How to use and measure the quality dimensions

The listed data quality dimensions can be used as KPI's for the quality of the data, but the data quality assessment needs to be done in a methodical fashion. Not all dimensions have to weighed equally. Some dimensions might be more important in the project than others and maybe some data items need a different weighting from other data items. It’s also important to define the requirements for acceptance. In total it is important to go through the following steps (as advised by DAMA UK):

  1. Identify which data items need to be assessed for data quality, typically this will be data items deemed as critical to business operations.
  2. Assess which data quality dimensions to use and their associated weighting.
  3. For each data quality dimension, define values or ranges representing good and bad quality data.
  4. Apply the assessment criteria to the data items (calculate the score).
  5. Review the results and determine if data quality is acceptable or not.
  6. Where appropriate take corrective actions e.g. clean the data and improve data handling processes to prevent future recurrences.
  7. Repeat the above on a periodic basis to monitor trends in Data Quality.

In step 4 you will need to calculate the score on the data dimension:

data quality calculation
Figure 2: Definition and calculation of the quality dimensions

* Note that because real-world data is not always available, the accuracy cannot always be tested. Examples to check for are: impossible birthdates, e-mail addresses that don't contain the @ sign or that have spaces in them and non-existent combinations of postal code and city (postcode/huisnummer check).

Further considerations for data quality

Next to the primary data dimensions there are other data dimensions that might be taken into consideration.

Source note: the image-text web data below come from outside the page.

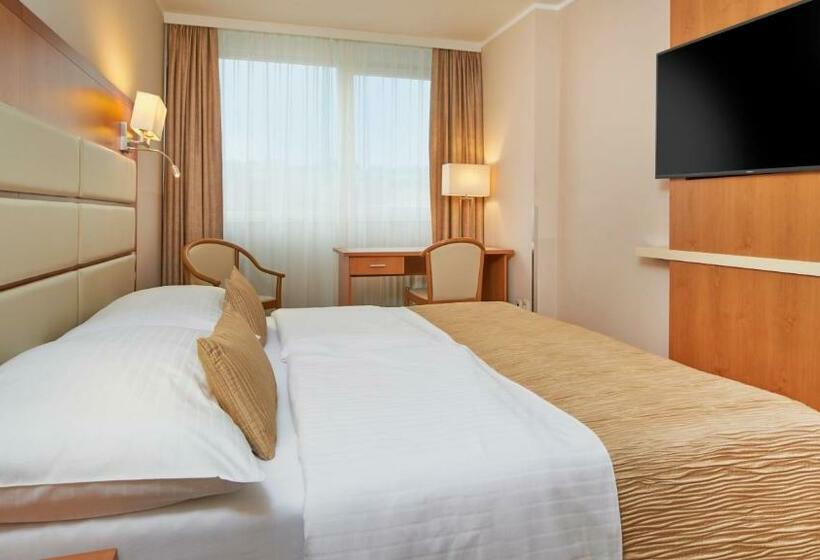 غرفة كلاسيكية, Orea Hotel Pyramida Praha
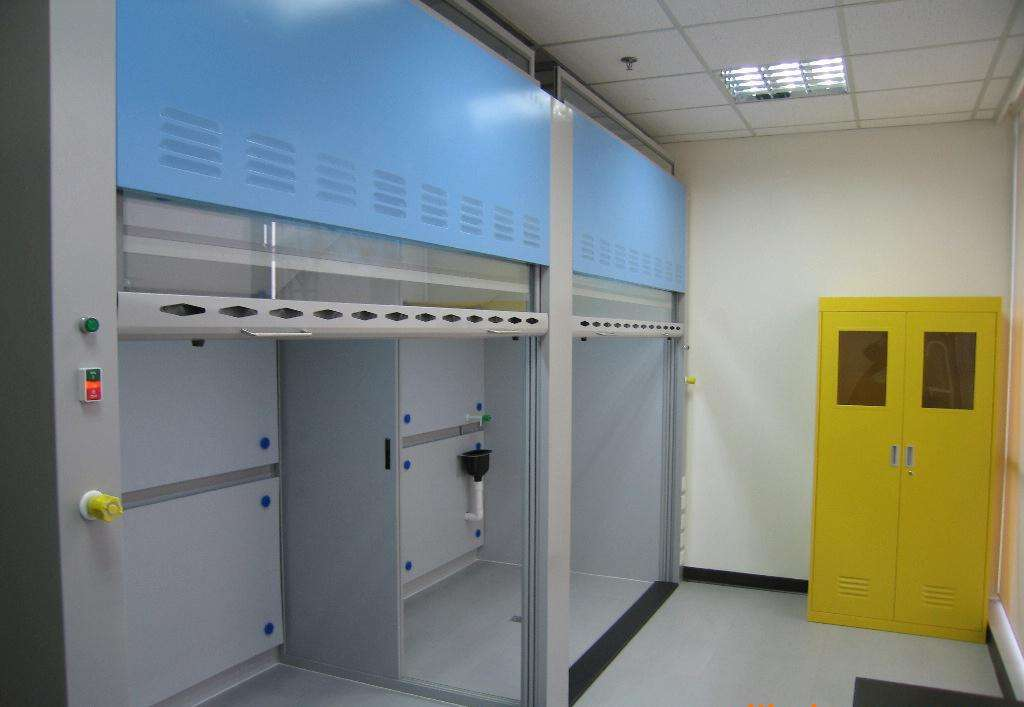 怎么挑選實驗室通風柜？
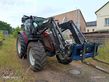 Tractor agrícola - Valtra - a114 mit frontlader *neuwertig*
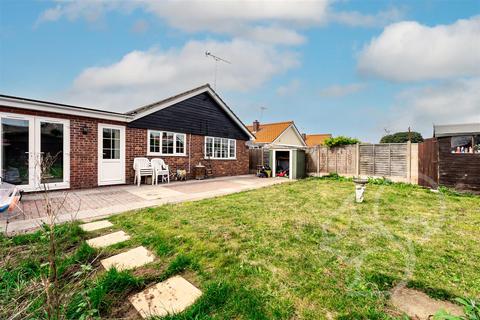 undefined, Buxey Close, West Mersea CO5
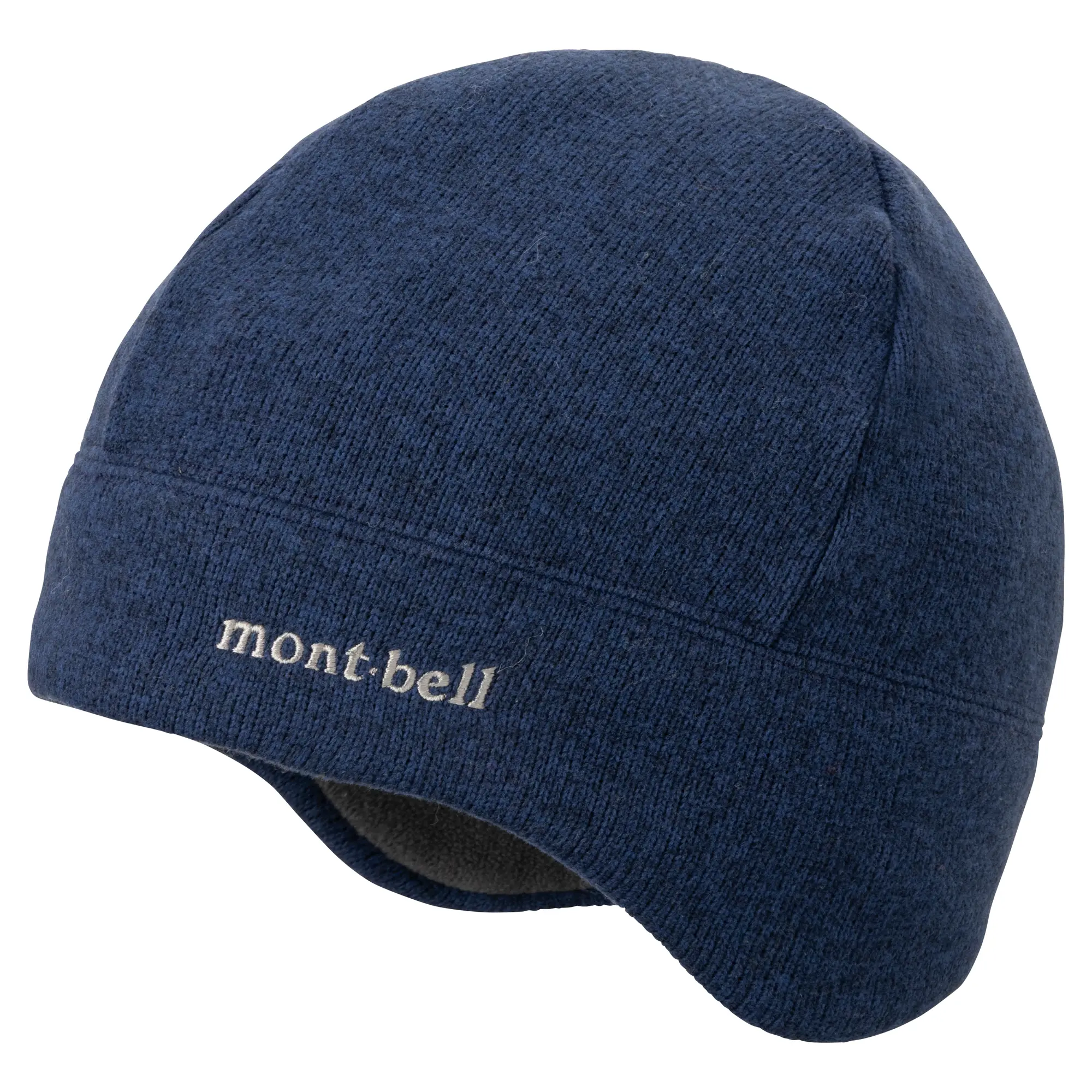 CLIMAPLUS Knit Ear Warmer Cap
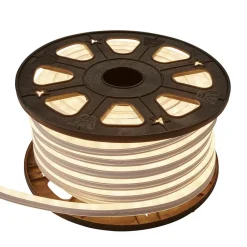 STAR TRADING Dekorationsbelysning|Julelys Udendørs > LED-lysslange NEOLED REEL varmhvid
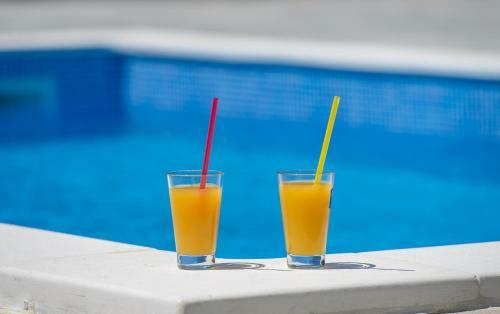 Apartments Villa "aurea" With Pool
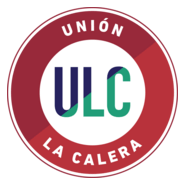 UNIÓN LA CALERA Logo PNG Vector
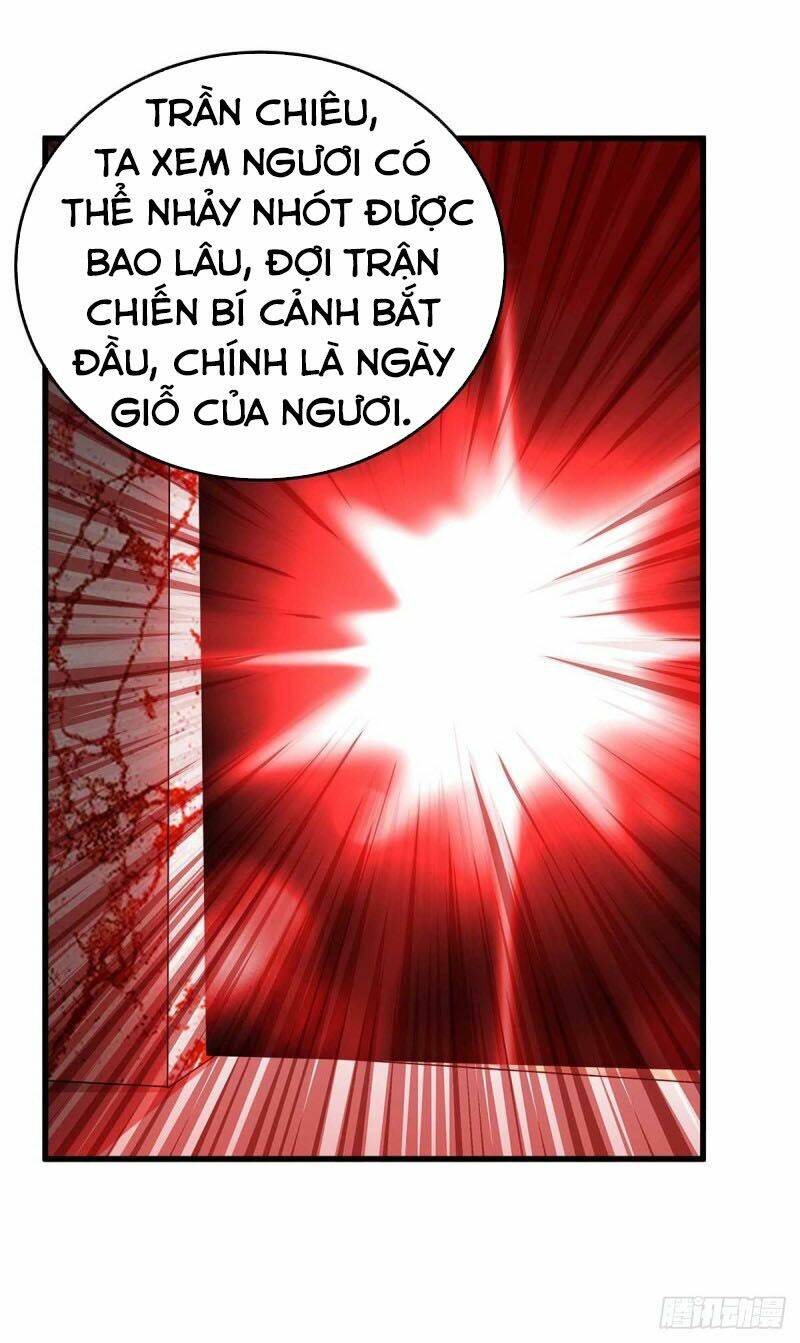 Chúa Tể Tam Giới Chapter 195 - Trang 2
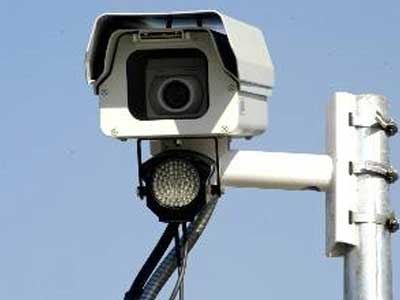 Κάμερες στους δρόμους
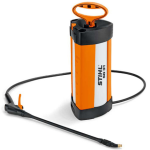 PULVERIZADOR STIHL SG 31 MANUAL 5 LIT.
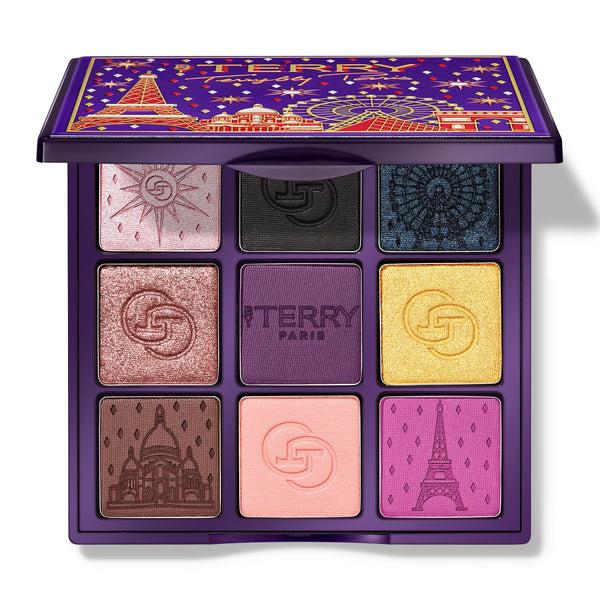 by terry V.I.P. EXPERT PALETTE N.6 OPULENT STAR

This list is in no way complete, but it gives an idea on what else to consider:

  • Usability: is the data understandable and relevant?
  • Security: is the data auditable and are privacy regulations maintained (e.g. "right to be forgotten")?
  • Value: Is there a good cost/benefit case for the data in terms of capacity (and therefor money)?
  • Sustainability: Is there a good cost/benefit case for the data in terms of power usage?